Garmin made a name for itself with excellent mapping systems, and this is where the DriveCam 76 shines brightest. Addresses are easy to input and instructions are loud, clear and well-timed. You can also speak locations to the voice recognition system, summoned by saying ‘Hey Garmin’. Being told street names and landmarks with directions really helps when navigating an unfamiliar area, and the interface switches to a split-screen with graphics to help you take the correct lane at roundabouts and junctions.
Moving to Garmin navigation from Google Maps or Apple Maps takes a bit of acclimatisation. Once you’re tuned into how its instructions are delivered – and what its visual prompts look like – you’ll have no issues at all. It’s arguably a better navigation experience than a smartphone, and only takes some getting used to in the same way as switching from one navigation app to another does.
Live traffic data comes from your phone’s data connection. This is set up by downloading Garmin’s smartphone app and connecting to the DriveCam 76 via Bluetooth. This connection is established automatically after the initial setup. The device also has Wi-Fi, which can connect to your home router for downloading software updates and new mapping databases.

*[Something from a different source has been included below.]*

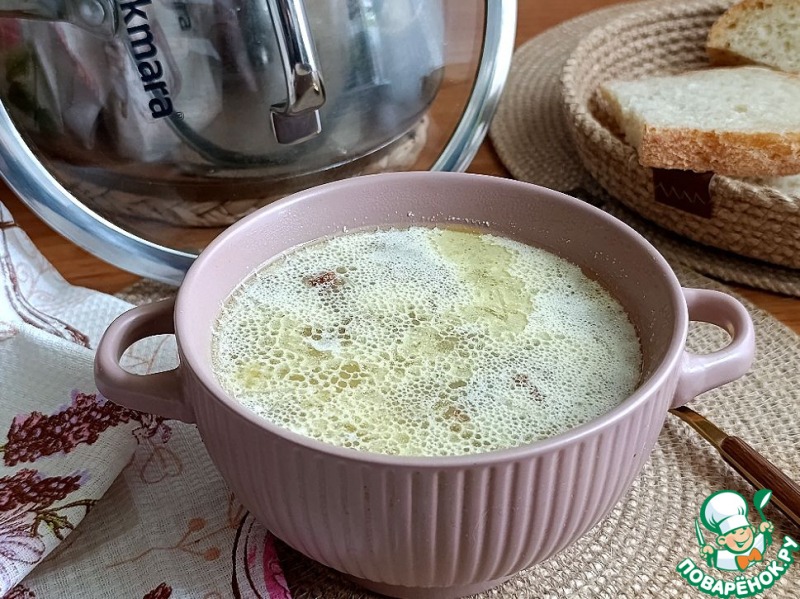 Суп с лисичками и резанным овсом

Integrated data from FourSquare and TripAdvisor helps you find places by stating their name instead of their address, but we found this didn’t always work perfectly, with the DriveCam occasionally suggesting an incorrect destination. Some buildings are rendered in 3D to further help with navigation and, when connected to your smartphone’s data connection, live fuel prices are shown at stations along your route. Pair with your phone, and you can also make and receive calls, either by tapping the DriveCam or issuing a voice command.
The built-in dash cam captures footage in Full HD at 30 frames per second. By default, the DriveCam 76 overlays the current time, date and vehicle speed. With HDR and a resolution of 1920 x 1080, video quality is fairly good. Details like road signs and number plates are legible, while exposure is balanced.
Given the DriveCam 76 is partly a dash cam with a massive screen, we liked how it is easy to view recordings (along with a map to show where they took place) on the device itself, rather than having to transfer everything to a phone or computer.
The 140-degree lens is wide enough, but falls short of the 180 degrees of the Garmin Dash Cam 67W. Also counting against the DriveCam is how footage wobbles and distorts, likely due to the stabilisation software trying to iron out bumps in the road. This doesn’t take any detail away, but means footage is worse than from some other Garmin dash cams. This made the dash cam feel like an afterthought, rather than a key feature of what is an expensive and otherwise premium-feeling product.